**What you should do:** What is needed is the exact text of each line in the listing below from the one with "Homelite, Ridgid - 678259003" up to and including the one with "WiFi prístupový bod TP-Link EAP110 (EAP110)", and no pictures.

**Material for this exercise:**
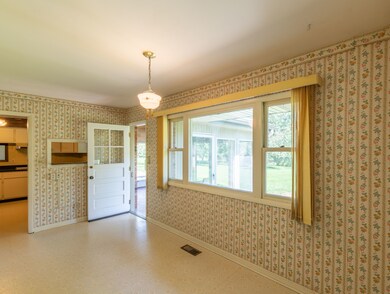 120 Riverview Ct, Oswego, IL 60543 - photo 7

* * *

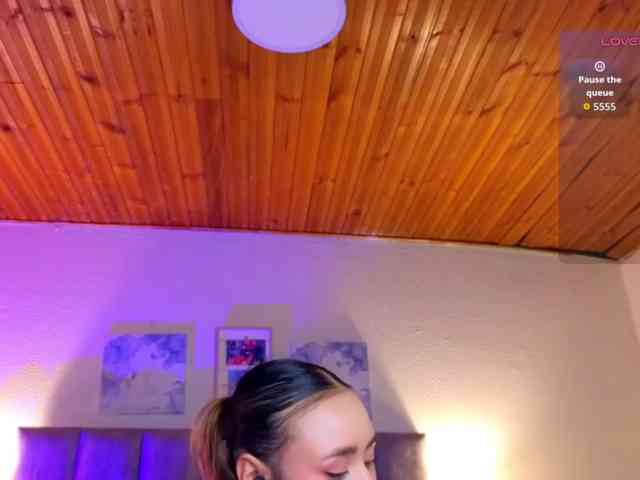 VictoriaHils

--

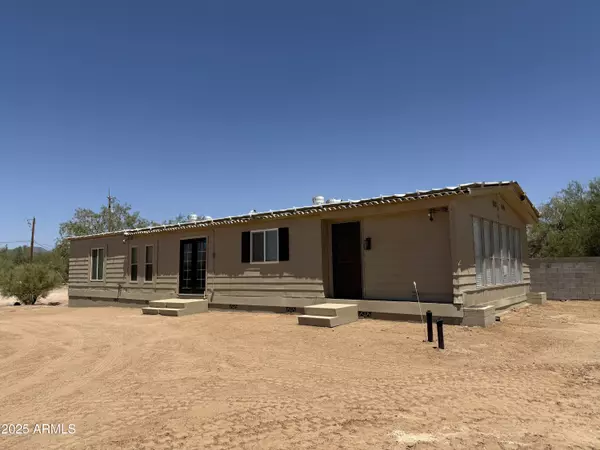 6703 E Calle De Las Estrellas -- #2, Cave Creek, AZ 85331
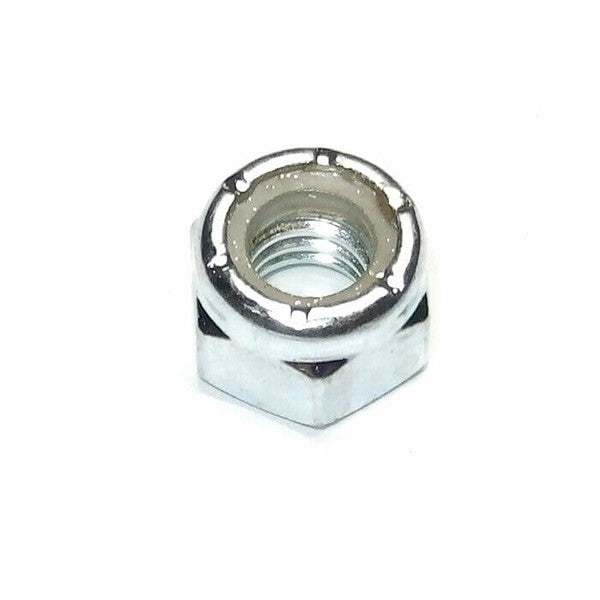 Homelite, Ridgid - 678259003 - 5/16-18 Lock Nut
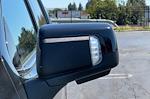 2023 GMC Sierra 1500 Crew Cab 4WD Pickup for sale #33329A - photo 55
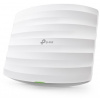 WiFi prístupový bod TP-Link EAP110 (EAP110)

**Solution:**
 Homelite, Ridgid - 678259003 - 5/16-18 Lock Nut
 2023 GMC Sierra 1500 Crew Cab 4WD Pickup for sale #33329A - photo 55
 WiFi prístupový bod TP-Link EAP110 (EAP110)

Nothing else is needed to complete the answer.